Aixtron SE
- Type: Public
- Traded as: FWB: AIXA; MDAX component; TecDAX component;
- Industry: Semiconductors
- Founded: 1983; 43 years ago
- Headquarters: Herzogenrath, Germany
- Area served: Worldwide
- Key people: Dr. Felix J. Grawert (CEO); Dr. Christan Danninger (CFO); Alexander Everke (chairman of the supervisory board);
- Products: Metalorganic chemical vapour deposition equipment
- Revenue: €556.6 million (2025)
- Operating income: €100.3 million (2025)
- Net income: €85.2 million (2025)
- Total assets: €1,040 million (end 2025)
- Total equity: €910.2 million (end 2025)
- Number of employees: 1,117 (end 2025)
- Website: aixtron.com

= Aixtron =

German technology company

Aixtron SE is a German technology company headquartered in Herzogenrath, Germany. Its shares are listed on the Frankfurt Stock Exchange and it is a constituent of the MDAX and TecDAX indices. The company develops various types of chemical vapor deposition (CVD) equipment for electronic and optoelectronic applications based on III-V compound semiconductors and organic semiconductors. Aixtron is a leading manufacturer of metalorganic chemical vapor deposition (MOCVD) systems and also produces plasma-enhanced chemical vapor deposition (PECVD) equipment for the production of carbon nanotubes and other nanostructures.

==History==
AIXTRON was founded as a spin-out industry from RWTH Aachen University in 1983. The company was listed on the Frankfurt Stock Exchange's now-defunct Neuer Markt, in November 1997. Since going public, the company has made several acquisitions, with the Scientific Equipment Division of the British company Thomas Swan & Co. and the Swedish chemical vapor deposition equipment maker Epigress AB both purchased in 1999.

The company completed a €118 million merger with American rival Genus, Inc. in March 2005 and bought British nanomaterial developer Nanoinstruments Ltd., a company spun out from the University of Cambridge, in 2007.

In December 2010, the company converted from a German Aktiengesellschaft to a Societas Europaea to reflect its European and international nature.

=== Blocked takeover ===
In October 2016, China's Fujian Grand Chip Investment Fund LP made a bid to purchase Aixtron. The proposed acquisition was tainted by collusion; shortly before Fujian Grand Chip made its public takeover bid, Sanan Optoelectronics canceled a critical order from Aixtron on dubious grounds, sending its share price down for Fujian Grand Chips to make a less-expensive offer (both Sanan Optoelectronics and Fujian Grand Chips are controlled by the same state-owned semiconductor fund).

As a result, Germany's economics ministry withdrew the approval of the takeover.
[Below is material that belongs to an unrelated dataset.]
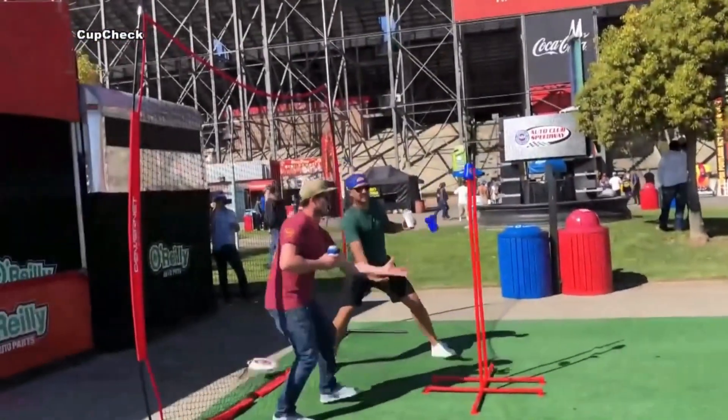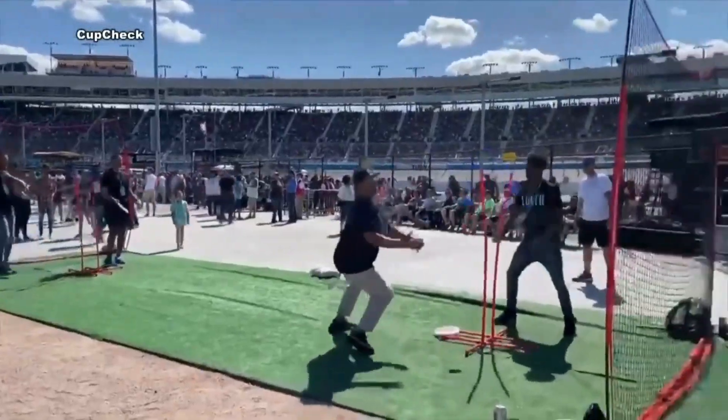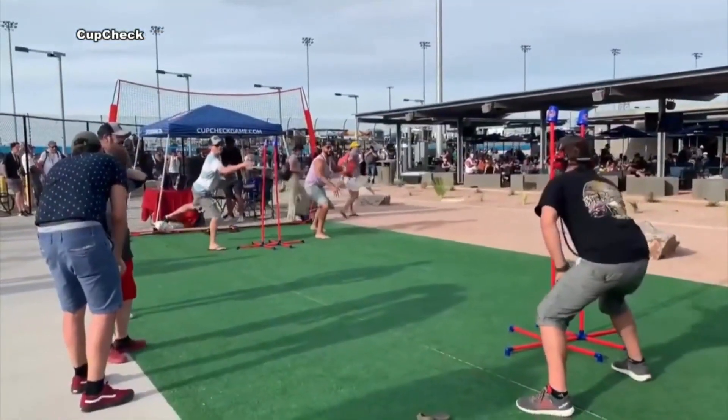We all got together and went to a NASCAR race in Arizona — myself, Kirby Yates, Alex Cobb, and Jepson. We just played right outside our motorhome and people flooded over. What is this? Where can we buy it? Everybody had an idea, they already knew where they were going to play it. Everyone was just very impressed and we're like, man, maybe we got something here. Here it is today.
In November 2016, the Committee on Foreign Investment in the United States (CFIUS) recommended both sides to drop their plan, because of national security concerns. On December 2, 2016, President Barack Obama issued an executive order blocking the proposed acquisition of Aixtron.

=== Subsequent developments ===
In 2017, AIXTRON sold its ALD/CVD Memory Product line, produced in Sunnyvale (California, United States) to Eugene Technology from South Korea. AIXTRON said it continues to execute restructuring measures as well as to seek the establishment of partnerships for its OLED business in order to return to profitability in 2018, and to this end in October 2017, the OLED business became a separate company - APEVA SE.

On 24 October 2018, AIXTRON announced that it had signed a joint venture agreement with Korean company IRUJA Co. Ltd. to invest in APEVA, AIXTRON's subsidiary for OLED deposition technologies. Closing of the joint venture agreement is expected during 2018.

==Operations==
Aixtron produces metalorganic chemical vapour deposition equipment, used for making a range of electronic and opto-electronic products containing compound, organic as well as nanotubes and nanofibers.

Many AIXTRON systems use a "planetary reactor" process whereby gaseous semiconductor substances are deposited on revolving wafers, while others utilise a Close Coupled "shower head" method of deposition.

Manufacturing sites are located in Herzogenrath near Aachen in Germany, and Cambridge in the United Kingdom.

== Finances ==
For the 2025 fiscal year, AIXTRON reported net income of €85.2 million on revenue of €556.6 million. Asia accounted for 60% of AIXTRON's revenue, while Europe and the Americas each contributed 20%. Total order intake for the year amounted to €544.3 million, marking a 9% decline compared to 2024. On 30 December 2025, the company’s share price closed at €17.31, resulting in a year-end market capitalization of €1,964 million.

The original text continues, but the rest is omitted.